Downing, 265 F.3d at 1005 (quoting Abogados v. AT & T, Inc., 223 F.3d 932, 934 (9th Cir.2000)); Kearney v. Salomon Smith Barney, Inc., 39 Cal.4th 95, 107-08, 45 Cal.Rptr.3d 730, 740, 137 P.3d 914 (2006). “The burden is on the party seeking to invoke foreign law; California applies its own rule of decision unless a party litigant properly invokes the law of a foreign state.” McGhee v. Arabian Am. Oil Co., 871 F.2d 1412, 1422 (9th Cir.1989). However, “[t]here is no need to choose between the laws of California and [Nevada] if they are identical.” State Farm Mut. Auto. Ins. Co. v. Davis, 937 F.2d 1415, 1418 (9th Cir.1991); Hurtado v. Superior Court of Sacramento County, 11 Cal.3d 574, 580, 114 Cal.Rptr. 106, 109, 522 P.2d 666 (1974); see also International Serv. Ins. Co. v. Gonzales, 194 Cal.App.3d 110, 116, 239 Cal.Rptr. 341 (1987) (“The sole fact that two states are implicated does not create a conflict of laws, and if the laws of the two states are the same, no conflict exists.”).

Under California law, “[t]he elements of a cause of action for negligence are well established. They are (a) a legal duty to use due care; (b) a breach of such legal duty; [and] (c) the breach as the proximate or legal cause of the resulting injury.” Ladd v. County of San Mateo, 12 Cal.4th 913, 917-18, 50 Cal.Rptr.2d 309, 311, 911 P.2d 496 (1996) (citation and internal quotation marks omitted; italics in original). Similarly, under Nevada law, “[t]o prevail on a negligence theory, the plaintiff generally must show that: (1) the defendant had a duty to exercise due care towards the plaintiff; (2) the defendant breached the duty; (3) the breach was an actual cause of the plaintiffs injury; (4) the breach was the proximate cause of the plaintiffs injury; and (5) the plaintiff suffered damage.” Perez v. Las Vegas Med. Ctr., 107 Nev. 1, 4, 805 P.2d 589 (1991) (italics in original; citing Beauchene v. Synanon Found., Inc., 88 Cal.App.3d 342, 151 Cal.Rptr. 796, 797 (1979)). Moreover, under California law, a business proprietor must take “reasonable care ... for the[ ] safety [of business invitees], and liability exists for injuries resulting from a breach of that duty of reasonable care.” Kentucky Fried Chicken of Cal., Inc. v. Superior Court, 14 Cal.4th 814, 819-20, 59 Cal.Rptr.2d 756, 759, 927 P.2d 1260 (1997). Likewise, “[i]n Nevada, a proprietor owes an invitee a duty to use reasonable care to keep the premises in a reasonably safe condition for use.” Doud v. Las Vegas Hilton Corp., 109 Nev. 1096, 1101, 864 P.2d 796 (1993) (per curiam).

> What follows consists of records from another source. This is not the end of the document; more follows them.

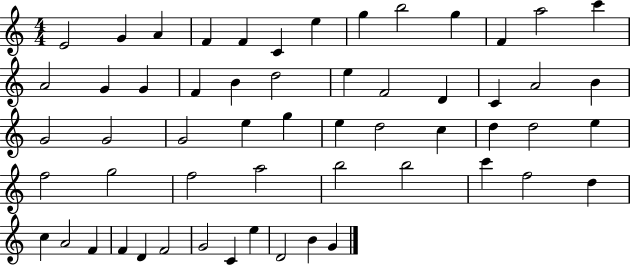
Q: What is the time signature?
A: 4/4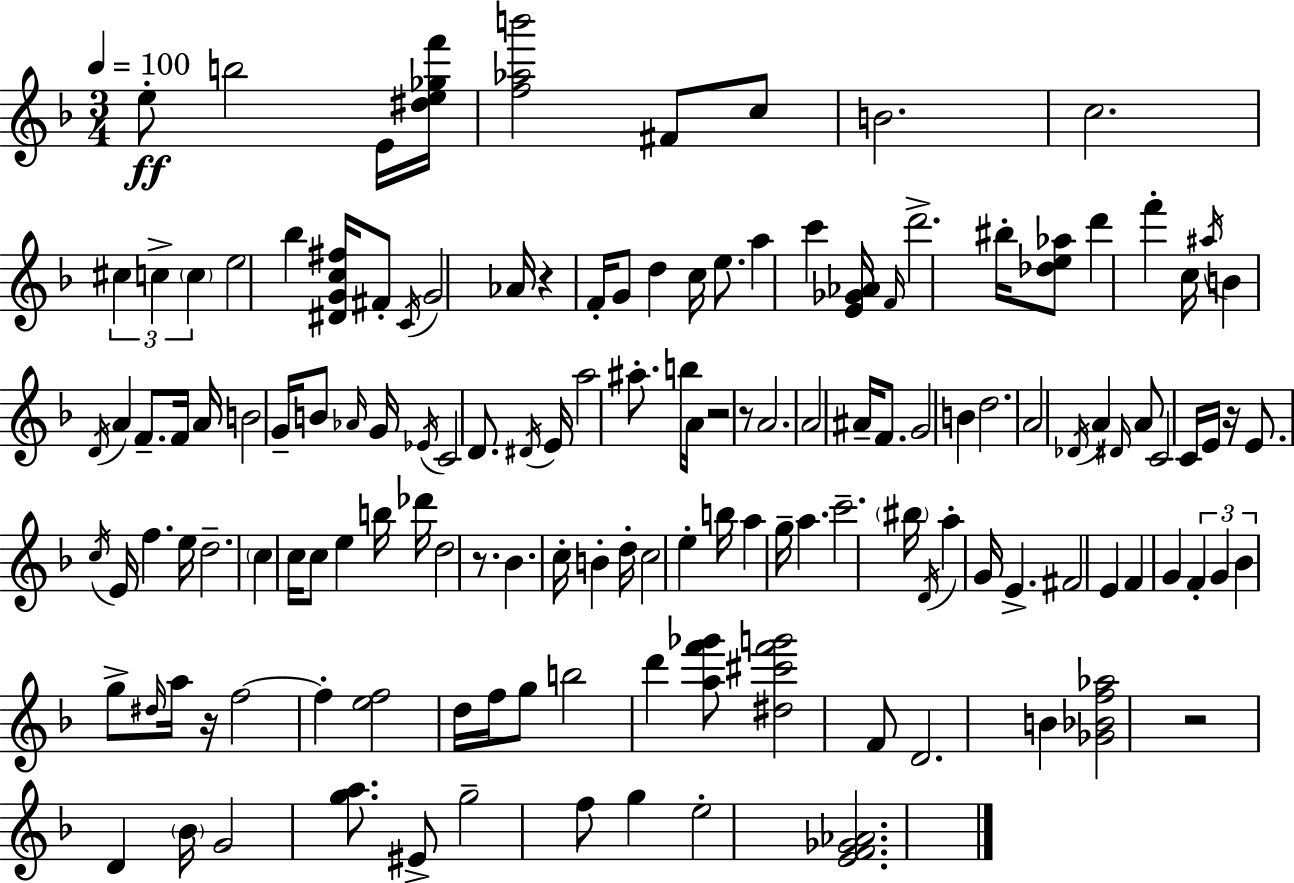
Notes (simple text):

E5/e B5/h E4/s [D#5,E5,Gb5,F6]/s [F5,Ab5,B6]/h F#4/e C5/e B4/h. C5/h. C#5/q C5/q C5/q E5/h Bb5/q [D#4,G4,C5,F#5]/s F#4/e C4/s G4/h Ab4/s R/q F4/s G4/e D5/q C5/s E5/e. A5/q C6/q [E4,Gb4,Ab4]/s F4/s D6/h. BIS5/s [Db5,E5,Ab5]/e D6/q F6/q C5/s A#5/s B4/q D4/s A4/q F4/e. F4/s A4/s B4/h G4/s B4/e Ab4/s G4/s Eb4/s C4/h D4/e. D#4/s E4/s A5/h A#5/e. B5/s A4/s R/h R/e A4/h. A4/h A#4/s F4/e. G4/h B4/q D5/h. A4/h Db4/s A4/q D#4/s A4/e C4/h C4/s E4/s R/s E4/e. C5/s E4/s F5/q. E5/s D5/h. C5/q C5/s C5/e E5/q B5/s Db6/s D5/h R/e. Bb4/q. C5/s B4/q D5/s C5/h E5/q B5/s A5/q G5/s A5/q. C6/h. BIS5/s D4/s A5/q G4/s E4/q. F#4/h E4/q F4/q G4/q F4/q G4/q Bb4/q G5/e D#5/s A5/s R/s F5/h F5/q [E5,F5]/h D5/s F5/s G5/e B5/h D6/q [A5,F6,Gb6]/e [D#5,C#6,F6,G6]/h F4/e D4/h. B4/q [Gb4,Bb4,F5,Ab5]/h R/h D4/q Bb4/s G4/h [G5,A5]/e. EIS4/e G5/h F5/e G5/q E5/h [E4,F4,Gb4,Ab4]/h.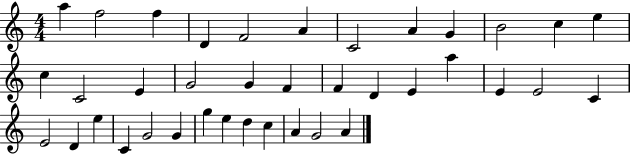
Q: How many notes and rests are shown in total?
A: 38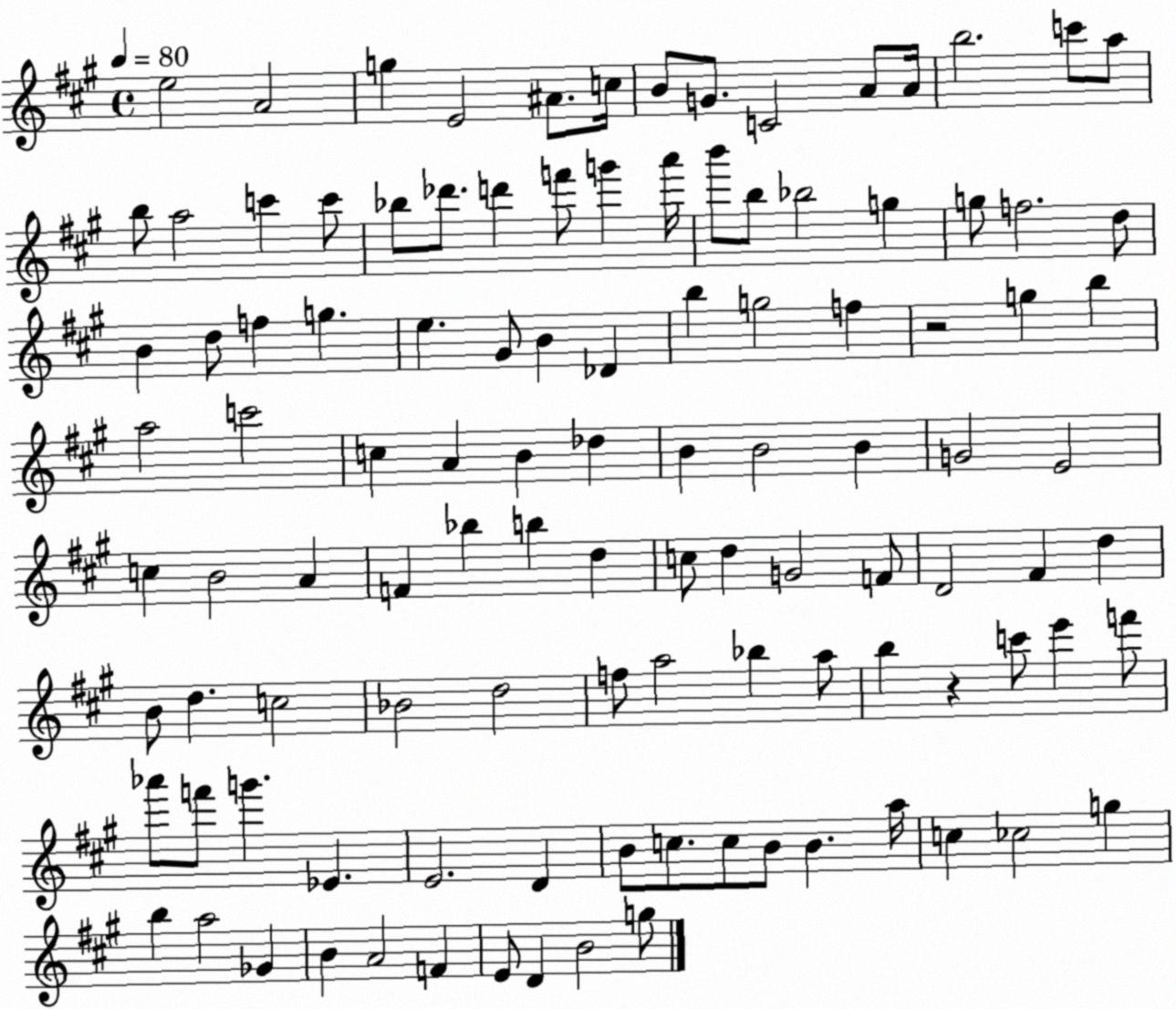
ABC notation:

X:1
T:Untitled
M:4/4
L:1/4
K:A
e2 A2 g E2 ^A/2 c/4 B/2 G/2 C2 A/2 A/4 b2 c'/2 a/2 b/2 a2 c' c'/2 _b/2 _d'/2 d' f'/2 g' a'/4 b'/2 b/2 _b2 g g/2 f2 d/2 B d/2 f g e ^G/2 B _D b g2 f z2 g b a2 c'2 c A B _d B B2 B G2 E2 c B2 A F _b b d c/2 d G2 F/2 D2 ^F d B/2 d c2 _B2 d2 f/2 a2 _b a/2 b z c'/2 e' f'/2 _a'/2 f'/2 g' _E E2 D B/2 c/2 c/2 B/2 B a/4 c _c2 g b a2 _G B A2 F E/2 D B2 g/2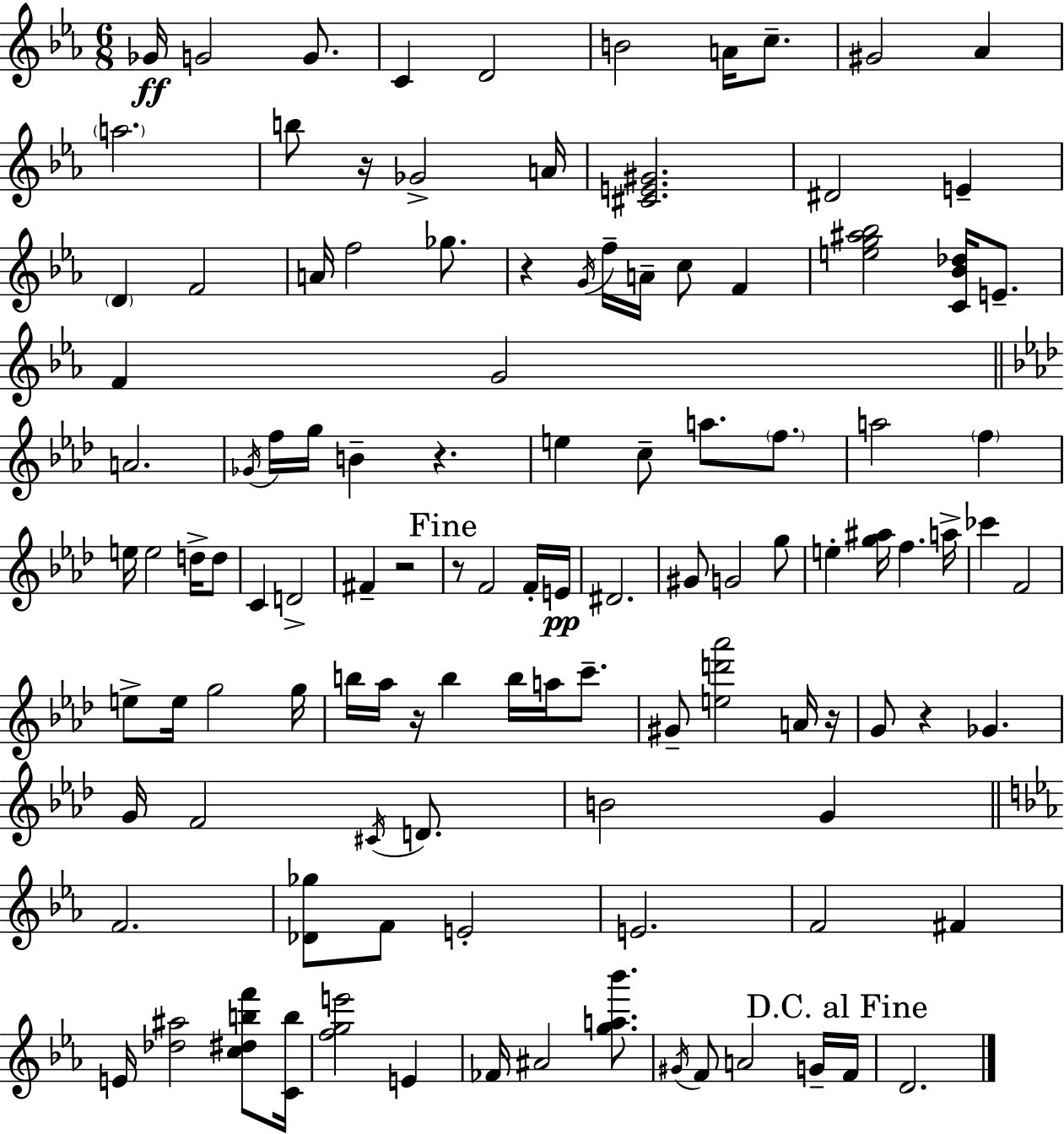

Here, defendant has identified no differences in California and Nevada law that creates a conflict of law. To the contrary, defendant contends neither California nor Nevada law imposes a duty on a landowner to warn of open and obvious property dangers, and the Nevada case it cites, Gunlock v. New Frontier Hotel Corp., 78 Nev. 182, 370 P.2d 682 (1962), relies heavily on California law in reaching its decision. See id. at 185, 370 P.2d 682. Therefore, this Court will apply California law to the pending discovery dispute. State Farm Mut. Auto. Ins. Co., 937 F.2d at 1418; Hurtado, 11 Cal.3d at 580, 114 Cal.Rptr. at 109, 522 P.2d 666; see also Cleary v. News Corp., 30 F.3d 1255, 1265 (9th Cir.1994) (Under California’s “governmental interest” test, there was no conflict of law and California law applies when “the elements of intentional infliction of emotional distress are virtually identical under California and Illinois law.”).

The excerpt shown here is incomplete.